Sa main libre est venue se poser sur la mienne et un drôle de frisson a parcouru mon échine alors que je me mordais l’intérieur de la joue pour lutter contre ces larmes qui menaçaient de couler. Il s’est approché un peu plus. L’espace d’un quart de seconde, j’ai eu l’espoir qu’il ne m’en veuille pas. Qu’il comprenne enfin et accepte qu’on discute. Ça n’a pas duré.

Je l’ai senti s’éloigner aussi brusquement que son contraire et ce fut comme si une montagne venait de s’écrouler sous mes pieds. Ayant profité de sa présence pour m’appuyer légèrement sur lui lors d’une demi-seconde de faiblesse, j’ai titubé lorsqu’il m’a lâché. Et ensuite, j’ai carrément sursauté, faisant un bond impressionnant en arrière. Voilà une partie de la réponse, si vous vous demandiez encore pourquoi je voulais m’enfuir : s’il pouvait lancer une haltère dans un miroir, qui me disait qu’il n’aurait pas un accès de colère de cette sorte à la maison ? Devant notre fille ? Qui me disait qu’elle ne reproduirait pas ces gestes plus tard ?

J’ai encore reculé de quelques pas, du moins c’était ce que je croyais avant de heurter le mur. Un regard en arrière m’a suffi pour comprendre que j’étais à présent à l’autre bout de la salle de sport. Le goût du sang dans ma bouche m’avertit que je mordais trop fort. Et alors que j’écoutais mon mari et que je faisais du mieux que je pouvais pour essayer de comprendre, une de mes mains s’est posée sur ce ventre naissant que je cachais par une couche supplémentaire de vêtements. Une larme a roulé sur ma joue, puis une deuxième, et bientôt il me fut impossible de contrôler les spasmes qui me secouaient. Je me suis laissé glisser contre le mur, sentant mes jambes se dérober sous moi. Je craquais comme jamais je n’avais encore craqué. Intérieurement, je me traitais de monstre, d’horrible femme, mère indigne. Tout remontait à la surface. La peur, les cris, la souffrance accumulée pendant plusieurs mois, mon impuissance, celle de Dean, la honte et le mensonge.

- J’y arrive plus, Dean, j’ai soufflé entre deux sanglots.

Le goût ferreux de mon propre sang semblait être la dernière chose que j’étais capable de ressentir tant le reste semblait mort. Inexistant. J’ai levé les yeux vers le plafond en les essuyant rageusement contre la manche de ce pull qui me donnait trop chaud mais qui cachait cet enfant que je refusais de laisser naître.

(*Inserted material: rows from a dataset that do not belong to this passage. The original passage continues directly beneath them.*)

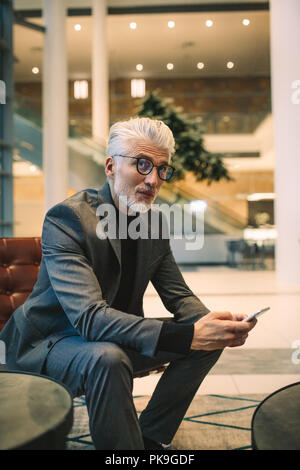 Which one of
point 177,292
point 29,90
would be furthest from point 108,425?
point 29,90

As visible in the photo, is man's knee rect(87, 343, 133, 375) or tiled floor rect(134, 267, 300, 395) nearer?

Soupirant profondément, j’ai reniflé, me calmant un peu avant de continuer :

- Je n’arrive plus à passer une seule journée sans me demander combien d’années, de mois vont s’écouler avant de te voir t’écrouler et ne pas te relever. Combien de blessures je vais encore soigner et combien de cicatrices sur ton visage vont encore s’ajouter d’ici l’année prochaine. Combien…
, mon souffle tremblant s’est laissé entendre dans le silence de mort de la pièce. Combien de temps ma fille va-t-elle connaître son père et quelle sera l’image qu’elle se fera de lui ?

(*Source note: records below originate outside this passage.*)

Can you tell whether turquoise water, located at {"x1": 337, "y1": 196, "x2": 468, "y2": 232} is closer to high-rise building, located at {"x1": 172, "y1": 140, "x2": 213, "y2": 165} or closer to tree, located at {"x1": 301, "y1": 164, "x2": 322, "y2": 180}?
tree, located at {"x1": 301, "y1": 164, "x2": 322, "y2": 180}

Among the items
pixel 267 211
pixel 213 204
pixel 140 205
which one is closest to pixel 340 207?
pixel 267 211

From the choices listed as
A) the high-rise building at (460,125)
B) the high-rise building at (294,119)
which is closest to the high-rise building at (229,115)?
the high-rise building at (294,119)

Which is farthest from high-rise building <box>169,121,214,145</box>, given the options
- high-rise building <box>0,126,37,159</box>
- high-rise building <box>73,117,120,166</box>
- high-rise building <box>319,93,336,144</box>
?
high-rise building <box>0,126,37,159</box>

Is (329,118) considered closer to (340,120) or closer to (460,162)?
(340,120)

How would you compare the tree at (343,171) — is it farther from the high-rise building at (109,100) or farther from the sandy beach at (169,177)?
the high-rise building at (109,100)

Je me suis relevée en titubant et, tremblante, j’ai avancé de quelques pas. Prudemment. Sans un bruit. Je suis restée un bon mètre derrière lui et j’ai continué :

- Ce que tu viens de faire… le miroir… ça aurait pu arriver n’importe où. À la maison, peut-être. Devant Haylee. Que dit-on à un enfant dans ce cas ? Comment fait-on pour qu’un enfant grandisse sainement dans un environnement tel que le nôtre ?

Une nouvelle fois, les larmes me sont montées aux yeux et j’ai tenté tant bien que mal de les chasser le temps de prononcer cette dernière tirade :

- Je me pose ces questions tous les jours, des dizaines de fois. Crois-moi, Dean, je fais ce que je peux pour y répondre mais certaines d’entre elles… j’y arrive pas, tu vois ? C’est… c’est pas possible d’y répondre. Qu’est-ce que je dois dire à ma fille si on te ramène dans une boîte ?

Cette dernière question m’a fait éclater dans un nouveau sanglot. Et plus je me trouvais pathétique, plus fort les larmes coulaient sur mes joues.